1. Introduction
Members of the Enterobacteriaceae family are feared nosocomial pathogens, especially in high-risk departments such as intensive care, neonatal and burn units. The risk stems mainly from an increasing prevalence of ESBLand AmpC-positive strains and the associated higher risk of failure of antibiotic therapy [1,2]. The growing number of Enterobacteriaceae spp. was also confirmed by data from the University Hospital Olomouc (UHO), Czech Republic. For instance, the percentage of Klebsiella pneumoniae isolates resistant to ceftazidime rose from 16% in 2005 to 40% in 2010 (unpublished data). The main mechanism of this resistance is production of broad-spectrum beta-lactamases, in particular ESBLs, that inhibit the effect of cephalosporin and penicillin antibiotics. Not uncommonly, isolates producing these enzymes are also resistant to other groups of antimicrobial agents such as fluoroquinolones, aminoglycosides, tetracyclines and co-trimoxazole [3,4]. In the UHO, fluroquinolone resistance of Klebsiella pneumoniae isolates increased from 12% in 2005 to 42% in 2010 (unpublished data). Besides Klebsiella pneumoniae strains, the common broad-spectrum beta-lactamase producers include Escherichia coli isolates and, less frequently, Enterobacter cloacae, Serratia marcescens, Citrobacter spp., Proteus spp. and others [5,6].
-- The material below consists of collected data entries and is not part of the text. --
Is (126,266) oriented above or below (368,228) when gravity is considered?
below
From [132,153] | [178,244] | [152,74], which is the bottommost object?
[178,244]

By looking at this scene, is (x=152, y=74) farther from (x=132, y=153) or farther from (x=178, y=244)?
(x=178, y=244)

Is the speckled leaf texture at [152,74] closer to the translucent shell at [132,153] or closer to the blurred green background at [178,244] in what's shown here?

The prevalence of ESBL-positive strains also rises in “carrier” Enterobacteriaceae in the human gastrointestinal tract (GIT). Patients in the UHO were found to have 3% prevalence of ESBL-positive Enterobacteriaceae in the GIT in 2007 [7]. Carriage of these resistant bacteria is of particular importance to high-risk patients since they may cause endogenous nosocomial infections and serve as a reservoir for their further spread, including transferable genetic elements.
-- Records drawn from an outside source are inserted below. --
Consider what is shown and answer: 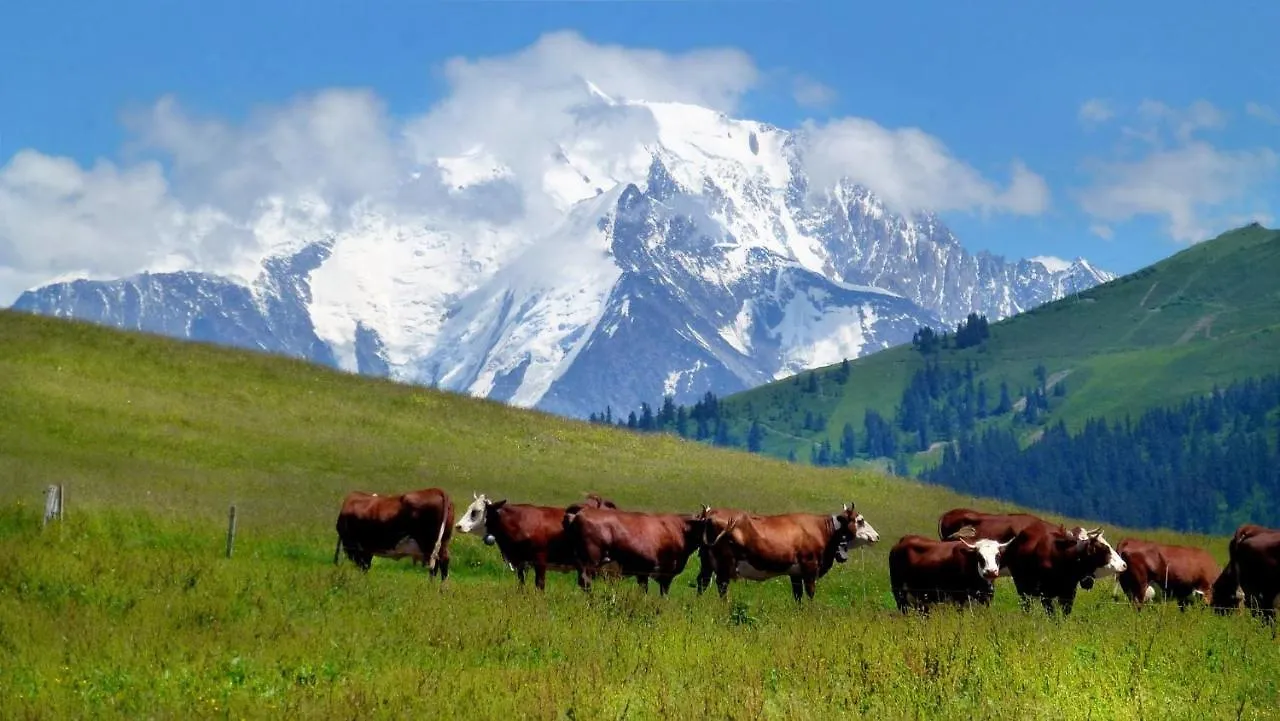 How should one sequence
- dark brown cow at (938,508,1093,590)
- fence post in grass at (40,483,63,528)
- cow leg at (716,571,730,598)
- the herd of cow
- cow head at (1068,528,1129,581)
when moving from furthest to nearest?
dark brown cow at (938,508,1093,590) < fence post in grass at (40,483,63,528) < cow leg at (716,571,730,598) < cow head at (1068,528,1129,581) < the herd of cow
The potential sources of infection are patients and health care workers. However, suitable vehicles from the hospital environment may also play a role, in particular all wet areas where bacteria survive, e.g. sinks and drains. Most frequently, hand-touch sites are contaminated with Gram-negative bacteria, such as patient charts, tables, telephones and push plates [8]. There is clearly a dynamic relationship between the staff, patients and hospital environment, with bacterial strains being constantly transmitted [9].
With respect to the increasing bacterial resistance to antibiotics, measures have been introduced to lower the risk of nosocomial infections. These comprise antibiotic policy in hospitals including adequate application of antibiotics, proper hygienic disinfection of hands and the environment, isolation of the affected persons, search for contacts and, last but not least, continuous monitoring of resistant strains [10].
This prospective study aimed at determining the prevalence of Enterobacteriaceae producing ESBL and AmpC enzymes in two UHO intensive care units (ICUs) and performing their molecular biology analysis.
2. Material and Methods
Over a period of two months (November-December 2010), a single epidemiological study of microbial contamination of air, surfaces and health care workers (swabs from both nostrils and the right hand without a glove) was carried out in the UHO. The settings were the inpatient ward of the Department of Anesthesiology and Intensive Care Medicine (AIC; 10 beds) and the Department of Surgical Intensive Care Medicine (SIC; 12 beds).
Microbial contamination of air was determined using the MAS-100 microbial air monitoring system (Merck). At each department, samples were taken from a total of 10 sites. In all cases, 100 liters of indoor air were collected over a period of 1 minute.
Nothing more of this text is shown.